10 of course! One of the greatest compositions in classical music! One of my absolute favorite works by any composer. Definitely one of my top 20, probably top 10, compositions by any composer.

Is it really in tier 70 of TC's recommended works?!??


----------



## Art Rock (Nov 28, 2009)

I gave it an 8 (4/6 on the artrockometer, "important" but not "essential"). When I started exploring classical music in the mid 80s (I was around 30), melodious music was my main driver and this fit the bill like few other works. Almost four decades later it has been surpassed by scores upon scores of other works in my appreciation, but I still like it.


----------



## Animal the Drummer (Nov 14, 2015)

Another 8 from me. My mother introduced me to classical music when I was a toddler and "Scheherazade" was one of her favourites, so I literally grew up hearing it from time to time. Two favourite recordings of mine are Beecham's classic account and another, less outstanding IMO (somewhat underpowered first movement) but still highly enjoyable one from my distant ancestor Lovro von Matacic.


----------



## Ethereality (Apr 6, 2019)

haziz said:


> Is it really in tier 70 of TC's recommended works?!??


My subjective feedback on this is a thought experiment, that Scheherazade is a superbly unique piece like Beethoven's 9th, but that the whole compositional philosophy of Scheherazade was and really comes down to: longing for more, Beethoven's only by comparison is: having plenty enough. So a question I think of sometimes, is why one interpretive philosophy about how we hear music is more popular than the other? ie. both are quite original and distinct artworks, but some perceive not. If you hear music through that different lens above (even if my analogy is distant) you'll come to different conclusions on what sounds original, worthy, profound. Scheherazade isn't in the 70th tier, there are 70 works above it, but there remains an issue. The symphonic work is in very split agreement, remaining some form of enigma for many and one of the truest masterpieces for few: just ask how some feel about it and you'll get no shortage of Beethoven's 9th type of reactions. This poll is one way to see it could be well above 40th place. One of Talk Classical's Most-Treasured - Scheherazade


----------



## Bulldog (Nov 21, 2013)

I loved the work as a youngster but don't ever listen to it these days.

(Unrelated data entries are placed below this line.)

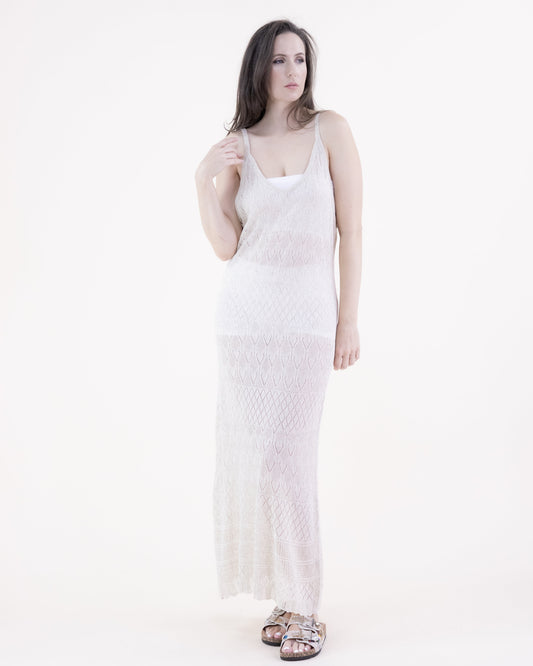 Linear Diamond Pointelle Scallop Hems Thin Strap Maxi Dress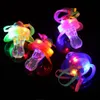 LED Toys Glowing Flashing LED Pacifier Whistle Night Light Up Blinking Joke Pacifier Toy LED Pacifier Party Rave Soft Necklace 102030pc 230516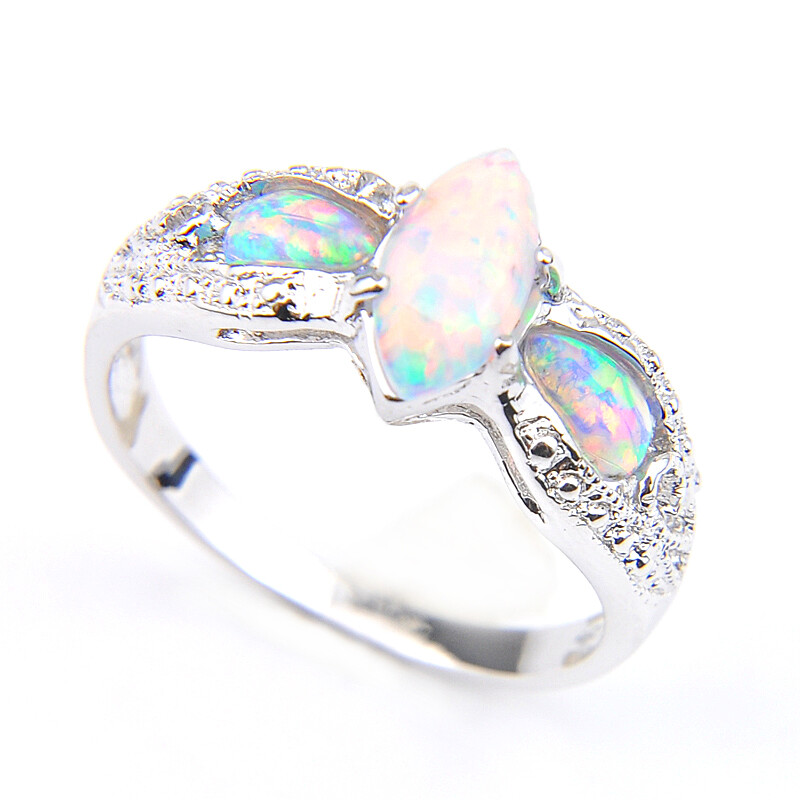 Sparking Oval Shape White Fire Opal White Topaz Gems Rose Gold Rings Size 6~10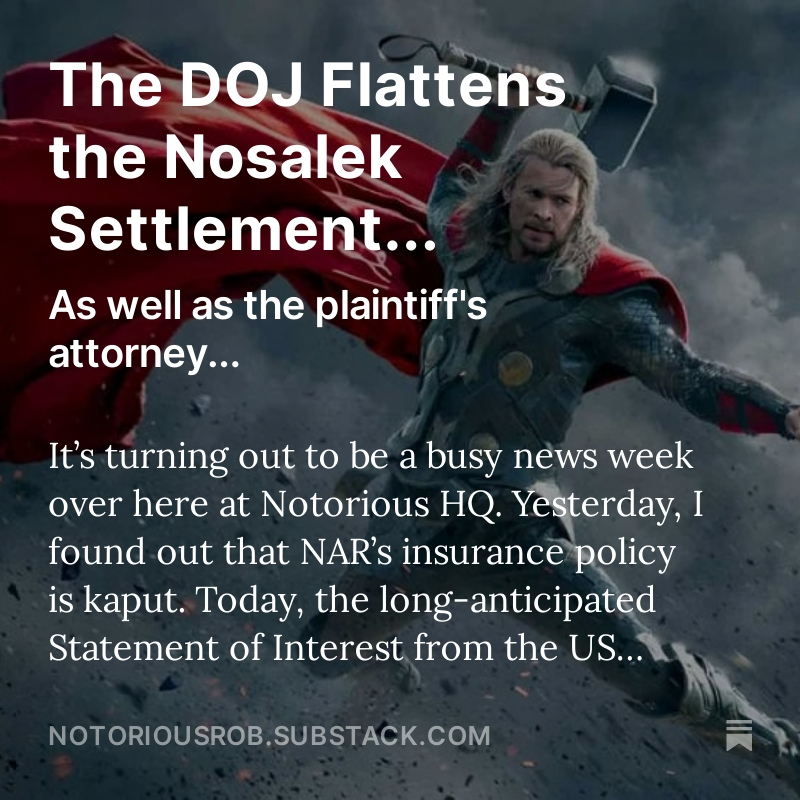 robhahn's tweet photo. [VIP] The DOJ Flattens the Nosalek Settlement. #realestate #CommissionLawsuits #WorldofREALTORS. In which I react to and analyze the DOJ's intervention in the Nosalek case. This is a big important milestone for the future of the industry.

https://t.co/j2SVDLZVQV https://t.co/2zP89rsgKC
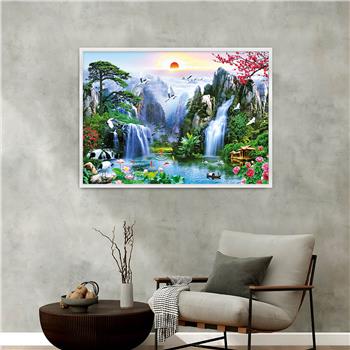 bedrucktes Glas mit Aluminiumrahmen und Natur Themen 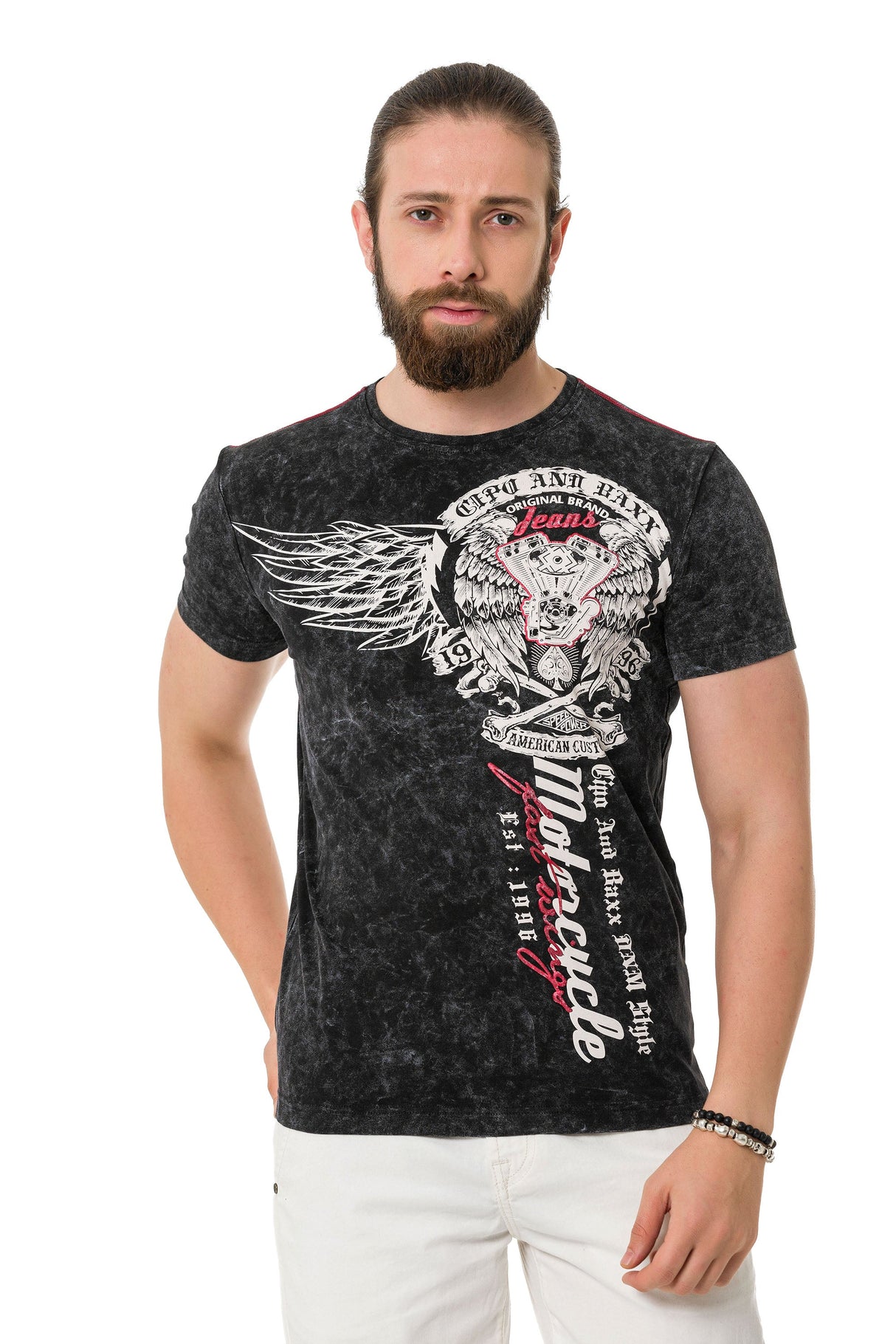 CT769 Biker Tarz Yıkanmış Kumaşlı Tişört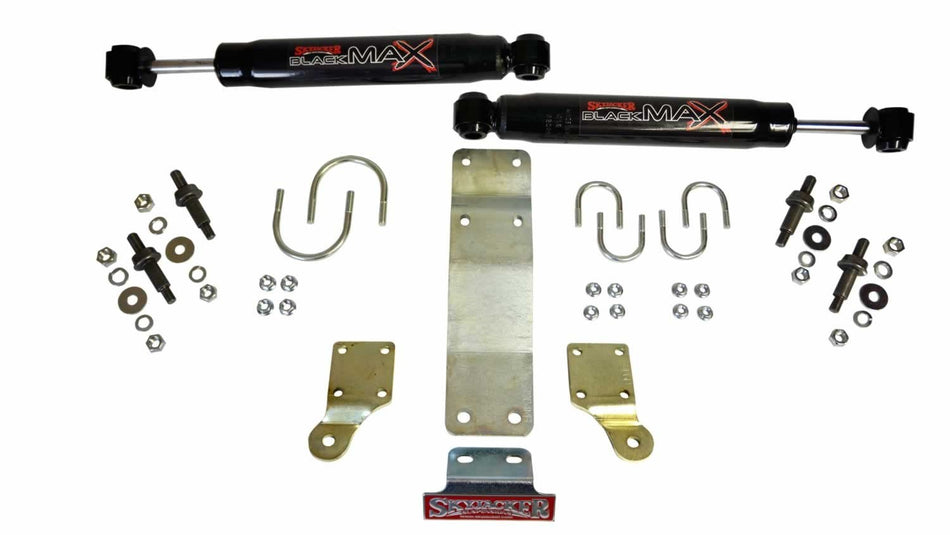 Skyjacker 8206 Steering Stabilizer Dual Kit Incl. Black Max Steering Dampners Brackets Hardware for Use w/HD Tie Rod PN[JK717TR] Or Other Aftermarket Tie Rod Using 1.75 in. OD Black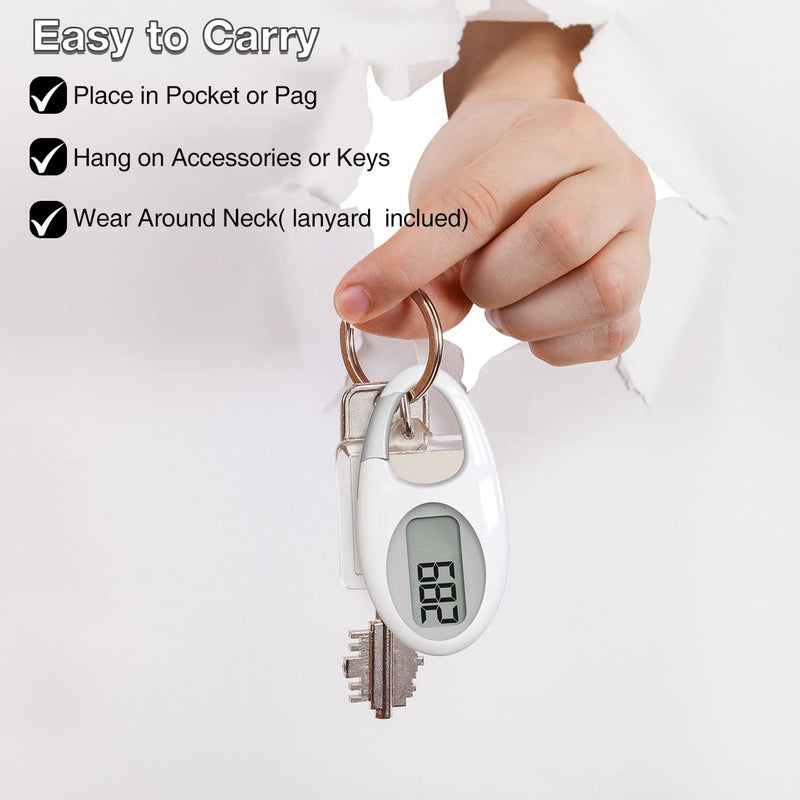 Simple 3D Step Counter, Walking Pedometer, Steps Tracker with Neck Lanyard / Carabiner for Men Women Teens Adults Seniors (Silver-White) - BeesActive Australia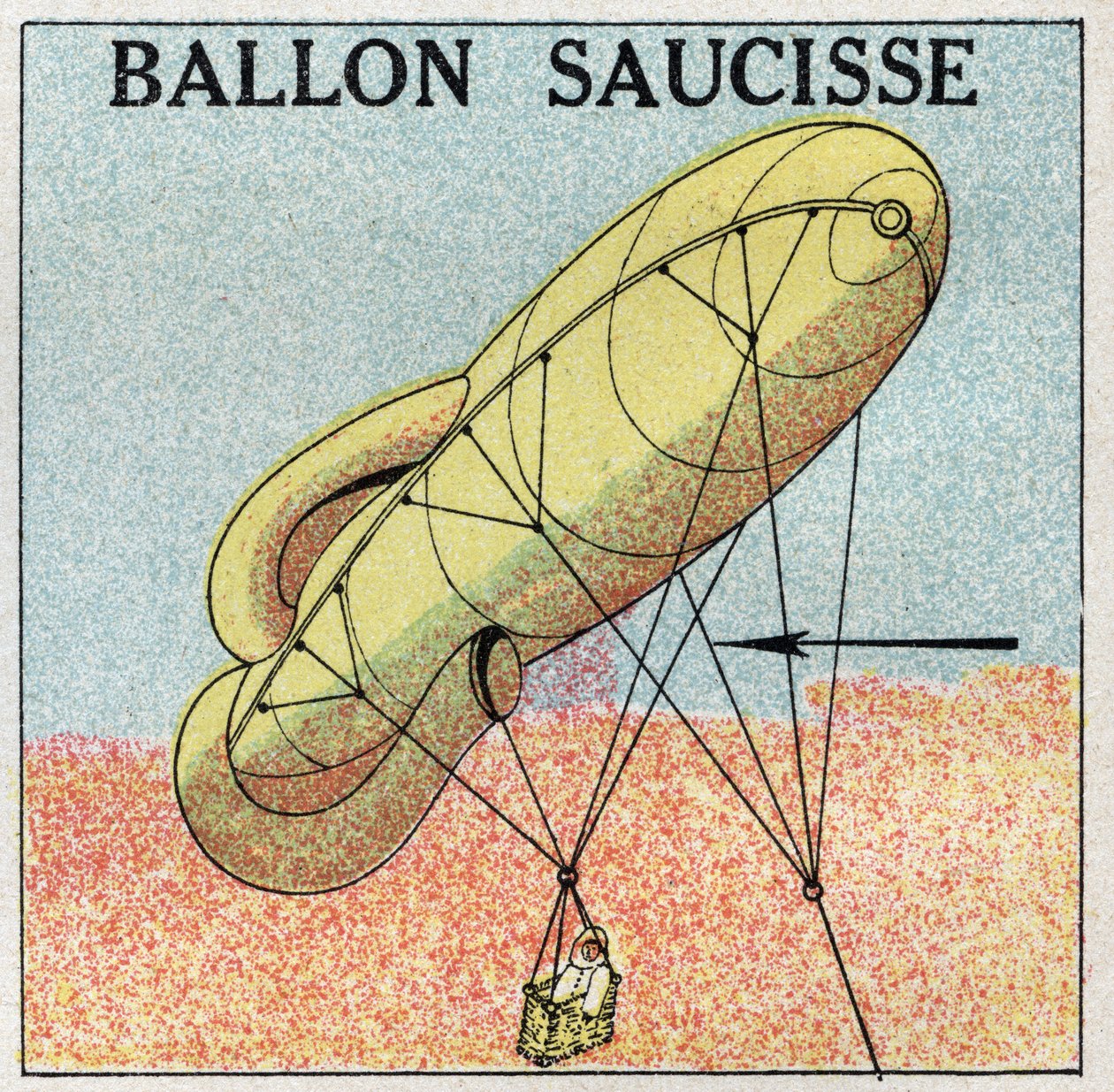 Balloner: ballonpølse. Anonym illustration af 1925. Privat samling. af Anonymous Anonymous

It didn't stand the test of time for me - gave it a 7 for nostalgic considerations.


----------



## Kreisler jr (Apr 21, 2021)

6. Never liked it all that much. Some picturesque moments but overall way too long, and the tunes tend to repeat and outstay their welcome. It might have become a better piece condensed to 20-25 min. I prefer Antar and the shorter opera suites. I don't actively dislike Sheherazade and would probably not switch it off but I don't listen to it even every other year, I guess.


----------



## mbhaub (Dec 2, 2016)

10/10. One of my absolute favorite works for close to 60 years. Never tire of hearing it and it's a lot of fun to play, too. I probably have more Scheherazade's on disk than any other piece of music. Where does one go after? It opened the doors to Rimsky's magical sound world, especially the operas and the suites derived from them. The only other composers who come close are Balakirev, Kalinnikov, and some Glazunov.


----------



## Hogwash (5 mo ago)

Scheherazade's a masterpiece. It’s long been a source of some of the most inspired album covers in the history of classical music:


----------



## EdwardBast (Nov 25, 2013)

R-K's _Antar_ is similarly colorful and exotic. Try it if you haven't heard it. And of course Stravinsky's _Firebird_ (suite), but you probably have already thought of that.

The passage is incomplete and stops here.